Every line from the one with "Saitei Chingin Maou: Rekidai" to the one with "- test Przetwornica", including those two, is to be copied exactly; all other lines of the entries below are left out.

____

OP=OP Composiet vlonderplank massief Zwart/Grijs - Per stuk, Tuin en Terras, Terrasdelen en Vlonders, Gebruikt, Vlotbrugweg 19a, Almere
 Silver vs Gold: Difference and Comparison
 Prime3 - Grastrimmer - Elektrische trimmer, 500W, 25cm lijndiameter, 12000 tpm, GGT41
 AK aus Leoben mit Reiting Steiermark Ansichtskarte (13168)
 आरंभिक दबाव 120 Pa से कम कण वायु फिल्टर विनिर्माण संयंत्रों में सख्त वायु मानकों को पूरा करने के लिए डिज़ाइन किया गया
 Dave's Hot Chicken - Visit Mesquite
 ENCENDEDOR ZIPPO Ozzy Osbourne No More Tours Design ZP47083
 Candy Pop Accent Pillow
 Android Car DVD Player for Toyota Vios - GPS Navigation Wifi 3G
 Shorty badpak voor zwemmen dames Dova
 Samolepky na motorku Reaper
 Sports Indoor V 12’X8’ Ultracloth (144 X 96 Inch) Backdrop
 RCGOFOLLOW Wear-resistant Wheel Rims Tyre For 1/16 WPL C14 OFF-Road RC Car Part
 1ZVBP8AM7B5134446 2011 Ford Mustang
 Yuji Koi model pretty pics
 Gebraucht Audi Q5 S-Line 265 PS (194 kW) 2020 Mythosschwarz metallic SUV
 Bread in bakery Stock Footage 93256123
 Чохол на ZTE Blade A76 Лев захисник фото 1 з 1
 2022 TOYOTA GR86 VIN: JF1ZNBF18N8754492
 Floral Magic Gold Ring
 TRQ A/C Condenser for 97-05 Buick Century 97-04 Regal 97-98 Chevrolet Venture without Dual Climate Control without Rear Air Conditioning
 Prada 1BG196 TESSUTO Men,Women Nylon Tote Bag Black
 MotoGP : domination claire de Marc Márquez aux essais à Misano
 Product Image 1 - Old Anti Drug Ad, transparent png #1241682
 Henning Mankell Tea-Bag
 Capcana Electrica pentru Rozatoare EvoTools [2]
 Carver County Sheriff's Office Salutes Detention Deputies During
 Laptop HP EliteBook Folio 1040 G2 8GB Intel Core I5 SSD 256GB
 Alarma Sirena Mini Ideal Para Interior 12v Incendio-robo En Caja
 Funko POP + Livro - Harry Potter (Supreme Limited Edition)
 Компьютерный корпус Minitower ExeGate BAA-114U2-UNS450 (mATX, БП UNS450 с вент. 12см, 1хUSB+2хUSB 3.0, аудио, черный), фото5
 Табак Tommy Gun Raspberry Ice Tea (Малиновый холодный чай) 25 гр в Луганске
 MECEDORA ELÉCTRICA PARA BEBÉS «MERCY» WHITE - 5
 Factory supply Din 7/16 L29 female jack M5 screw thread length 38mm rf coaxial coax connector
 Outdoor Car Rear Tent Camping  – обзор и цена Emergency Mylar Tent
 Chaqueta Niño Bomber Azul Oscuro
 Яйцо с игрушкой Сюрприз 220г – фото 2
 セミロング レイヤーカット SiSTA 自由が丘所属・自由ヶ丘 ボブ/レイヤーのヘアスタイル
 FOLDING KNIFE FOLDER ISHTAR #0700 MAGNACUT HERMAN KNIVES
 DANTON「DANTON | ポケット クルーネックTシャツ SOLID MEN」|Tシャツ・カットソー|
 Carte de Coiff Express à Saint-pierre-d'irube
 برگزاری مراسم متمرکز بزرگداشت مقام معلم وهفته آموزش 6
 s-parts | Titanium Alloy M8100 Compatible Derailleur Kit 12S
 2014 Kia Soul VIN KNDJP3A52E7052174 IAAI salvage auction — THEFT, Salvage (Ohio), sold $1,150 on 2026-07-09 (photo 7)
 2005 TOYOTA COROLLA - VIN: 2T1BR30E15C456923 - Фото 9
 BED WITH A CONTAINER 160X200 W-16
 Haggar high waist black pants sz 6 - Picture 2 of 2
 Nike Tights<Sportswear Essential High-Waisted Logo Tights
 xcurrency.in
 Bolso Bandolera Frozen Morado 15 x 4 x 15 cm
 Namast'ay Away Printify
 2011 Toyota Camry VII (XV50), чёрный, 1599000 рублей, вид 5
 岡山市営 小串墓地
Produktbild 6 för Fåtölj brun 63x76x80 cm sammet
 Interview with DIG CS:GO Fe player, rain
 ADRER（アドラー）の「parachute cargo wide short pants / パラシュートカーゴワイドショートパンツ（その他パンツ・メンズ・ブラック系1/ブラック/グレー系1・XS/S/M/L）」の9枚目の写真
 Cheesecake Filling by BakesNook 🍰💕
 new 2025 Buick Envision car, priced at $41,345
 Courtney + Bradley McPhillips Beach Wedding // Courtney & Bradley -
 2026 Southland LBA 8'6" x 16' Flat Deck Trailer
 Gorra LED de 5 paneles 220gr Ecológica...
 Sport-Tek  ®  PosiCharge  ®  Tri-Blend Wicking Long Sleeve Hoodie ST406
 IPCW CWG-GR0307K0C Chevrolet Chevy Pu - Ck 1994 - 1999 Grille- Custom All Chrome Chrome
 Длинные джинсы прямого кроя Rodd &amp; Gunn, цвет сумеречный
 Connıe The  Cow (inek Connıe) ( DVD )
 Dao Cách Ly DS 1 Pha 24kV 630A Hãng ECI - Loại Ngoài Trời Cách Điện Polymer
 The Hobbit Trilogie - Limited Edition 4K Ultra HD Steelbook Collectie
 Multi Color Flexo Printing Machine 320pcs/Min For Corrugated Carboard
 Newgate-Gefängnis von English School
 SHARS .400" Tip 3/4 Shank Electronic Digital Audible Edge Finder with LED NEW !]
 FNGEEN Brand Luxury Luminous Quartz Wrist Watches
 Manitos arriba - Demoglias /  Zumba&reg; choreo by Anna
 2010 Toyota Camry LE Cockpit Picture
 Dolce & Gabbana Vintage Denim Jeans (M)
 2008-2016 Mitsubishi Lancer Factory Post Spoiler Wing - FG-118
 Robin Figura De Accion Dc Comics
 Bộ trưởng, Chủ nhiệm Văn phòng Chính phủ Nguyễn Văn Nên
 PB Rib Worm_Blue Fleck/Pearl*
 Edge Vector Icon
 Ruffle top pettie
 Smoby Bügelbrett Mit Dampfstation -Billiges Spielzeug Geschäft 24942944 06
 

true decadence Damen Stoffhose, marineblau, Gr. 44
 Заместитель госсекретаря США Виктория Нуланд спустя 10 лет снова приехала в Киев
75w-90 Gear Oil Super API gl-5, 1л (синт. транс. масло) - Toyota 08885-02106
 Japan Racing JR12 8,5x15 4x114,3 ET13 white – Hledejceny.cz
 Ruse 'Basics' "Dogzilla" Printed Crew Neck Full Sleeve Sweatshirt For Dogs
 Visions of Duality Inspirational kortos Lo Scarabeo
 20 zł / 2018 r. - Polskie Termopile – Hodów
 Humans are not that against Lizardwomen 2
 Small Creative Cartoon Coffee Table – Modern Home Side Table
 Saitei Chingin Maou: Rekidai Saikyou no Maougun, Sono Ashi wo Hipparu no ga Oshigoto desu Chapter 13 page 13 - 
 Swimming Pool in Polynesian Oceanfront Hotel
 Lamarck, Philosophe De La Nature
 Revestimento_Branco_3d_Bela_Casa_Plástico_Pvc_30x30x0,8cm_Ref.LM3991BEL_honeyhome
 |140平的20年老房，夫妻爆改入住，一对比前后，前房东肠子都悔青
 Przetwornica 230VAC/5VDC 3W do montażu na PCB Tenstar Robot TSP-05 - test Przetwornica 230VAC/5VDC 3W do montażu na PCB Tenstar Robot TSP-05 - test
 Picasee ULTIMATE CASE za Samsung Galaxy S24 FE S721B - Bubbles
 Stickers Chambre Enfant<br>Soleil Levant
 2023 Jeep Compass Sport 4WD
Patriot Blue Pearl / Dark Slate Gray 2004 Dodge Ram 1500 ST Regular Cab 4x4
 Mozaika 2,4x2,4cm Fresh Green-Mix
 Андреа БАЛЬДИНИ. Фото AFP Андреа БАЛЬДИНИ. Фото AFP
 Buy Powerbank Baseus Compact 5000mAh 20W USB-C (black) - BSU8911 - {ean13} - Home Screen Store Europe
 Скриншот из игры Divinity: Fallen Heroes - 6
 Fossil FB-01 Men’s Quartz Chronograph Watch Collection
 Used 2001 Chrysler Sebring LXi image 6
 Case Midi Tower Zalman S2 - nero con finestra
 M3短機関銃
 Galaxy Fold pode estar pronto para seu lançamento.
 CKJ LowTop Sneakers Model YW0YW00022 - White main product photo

____

> **RESPONSE**
 Saitei Chingin Maou: Rekidai Saikyou no Maougun, Sono Ashi wo Hipparu no ga Oshigoto desu Chapter 13 page 13 - 
 Swimming Pool in Polynesian Oceanfront Hotel
 Lamarck, Philosophe De La Nature
 Revestimento_Branco_3d_Bela_Casa_Plástico_Pvc_30x30x0,8cm_Ref.LM3991BEL_honeyhome
 |140平的20年老房，夫妻爆改入住，一对比前后，前房东肠子都悔青
 Przetwornica 230VAC/5VDC 3W do montażu na PCB Tenstar Robot TSP-05 - test Przetwornica 230VAC/5VDC 3W do montażu na PCB Tenstar Robot TSP-05 - test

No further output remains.